> **ABOUT THIS EXERCISE**
Nothing but the lines from the one containing "Stycizom Silikon Nipplepads,Nipple" to the final line of the entries should appear, copied exactly and without pictures.

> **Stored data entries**
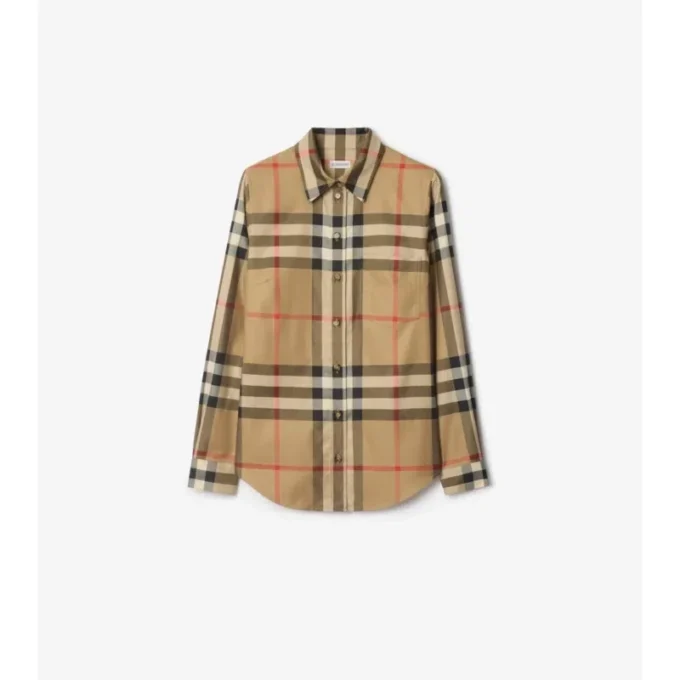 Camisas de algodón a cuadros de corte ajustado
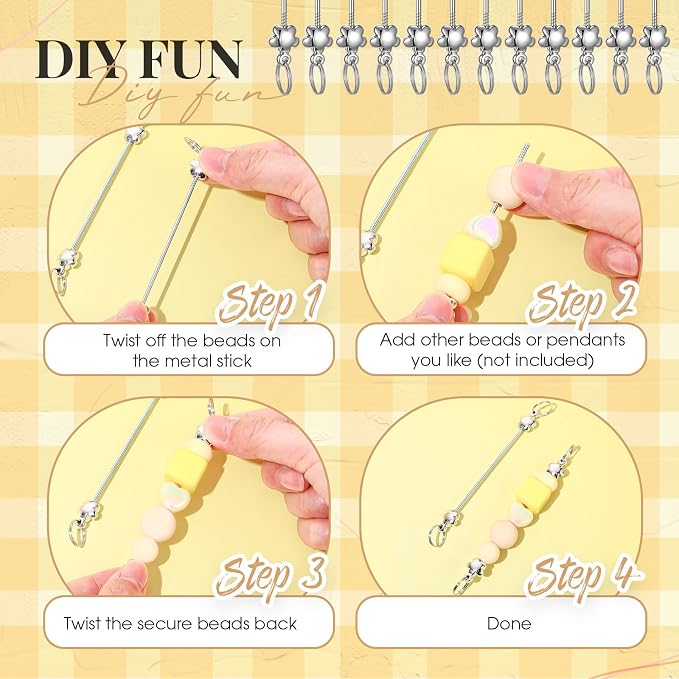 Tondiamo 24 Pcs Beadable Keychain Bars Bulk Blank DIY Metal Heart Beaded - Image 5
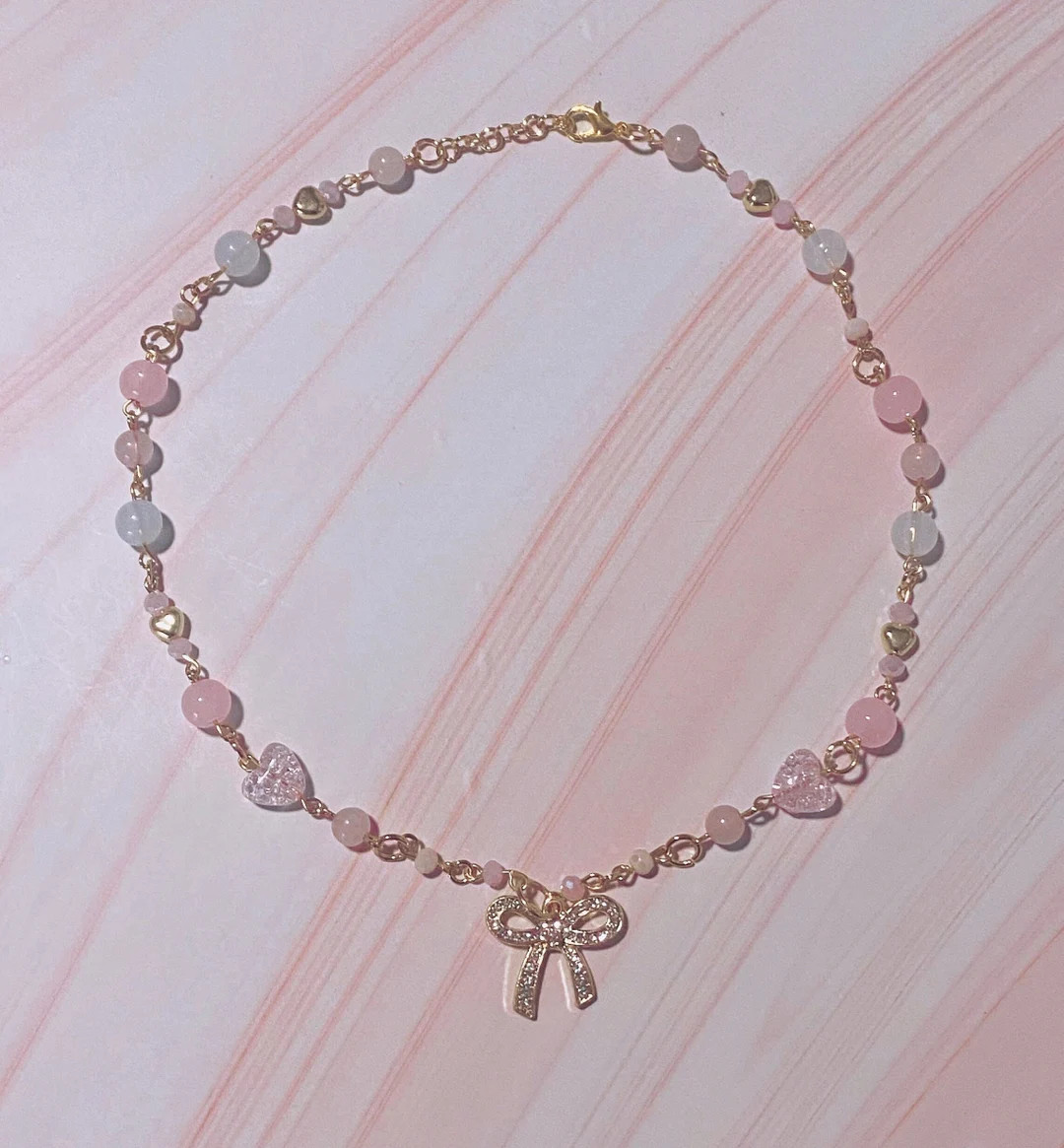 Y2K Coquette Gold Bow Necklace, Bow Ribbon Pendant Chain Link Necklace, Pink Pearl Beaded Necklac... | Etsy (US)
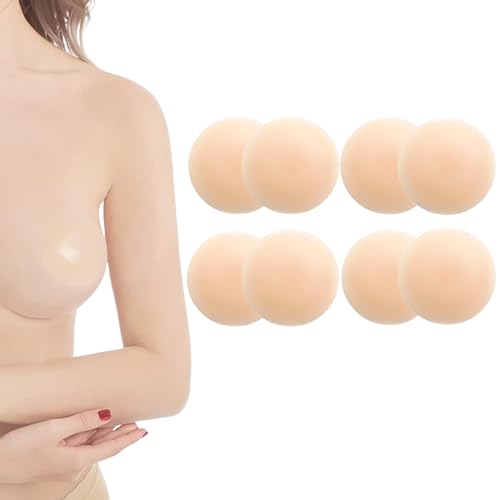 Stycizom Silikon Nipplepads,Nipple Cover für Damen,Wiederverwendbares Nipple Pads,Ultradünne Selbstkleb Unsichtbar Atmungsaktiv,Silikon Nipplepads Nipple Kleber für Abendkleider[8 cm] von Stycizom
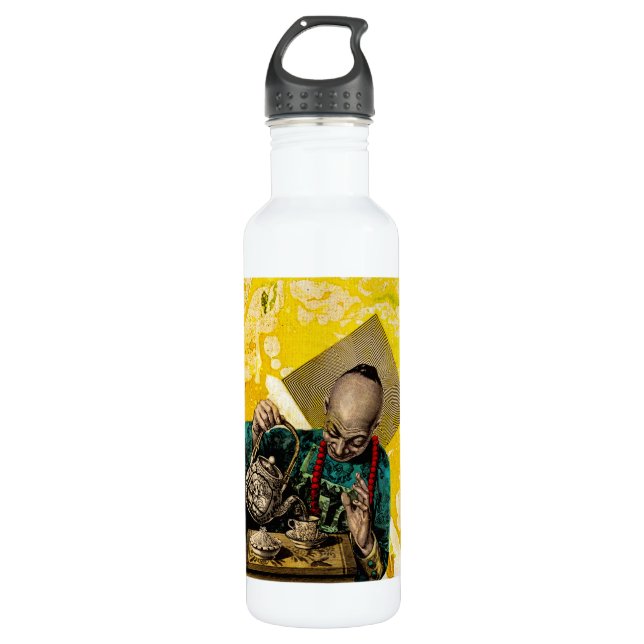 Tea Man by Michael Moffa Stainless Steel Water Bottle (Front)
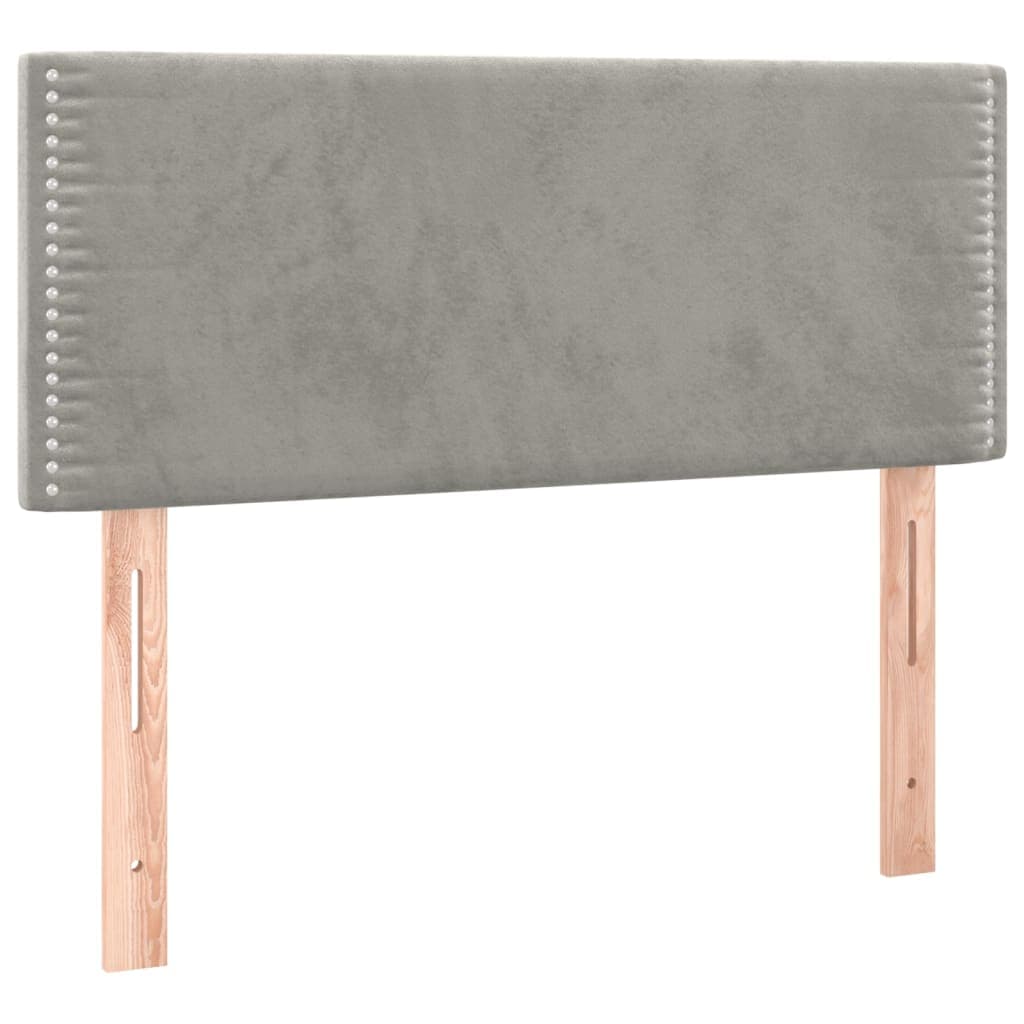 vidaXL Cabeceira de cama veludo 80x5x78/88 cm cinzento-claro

> **SOLUTION TO THIS TASK**
 Stycizom Silikon Nipplepads,Nipple Cover für Damen,Wiederverwendbares Nipple Pads,Ultradünne Selbstkleb Unsichtbar Atmungsaktiv,Silikon Nipplepads Nipple Kleber für Abendkleider[8 cm] von Stycizom
 Tea Man by Michael Moffa Stainless Steel Water Bottle (Front)
 vidaXL Cabeceira de cama veludo 80x5x78/88 cm cinzento-claro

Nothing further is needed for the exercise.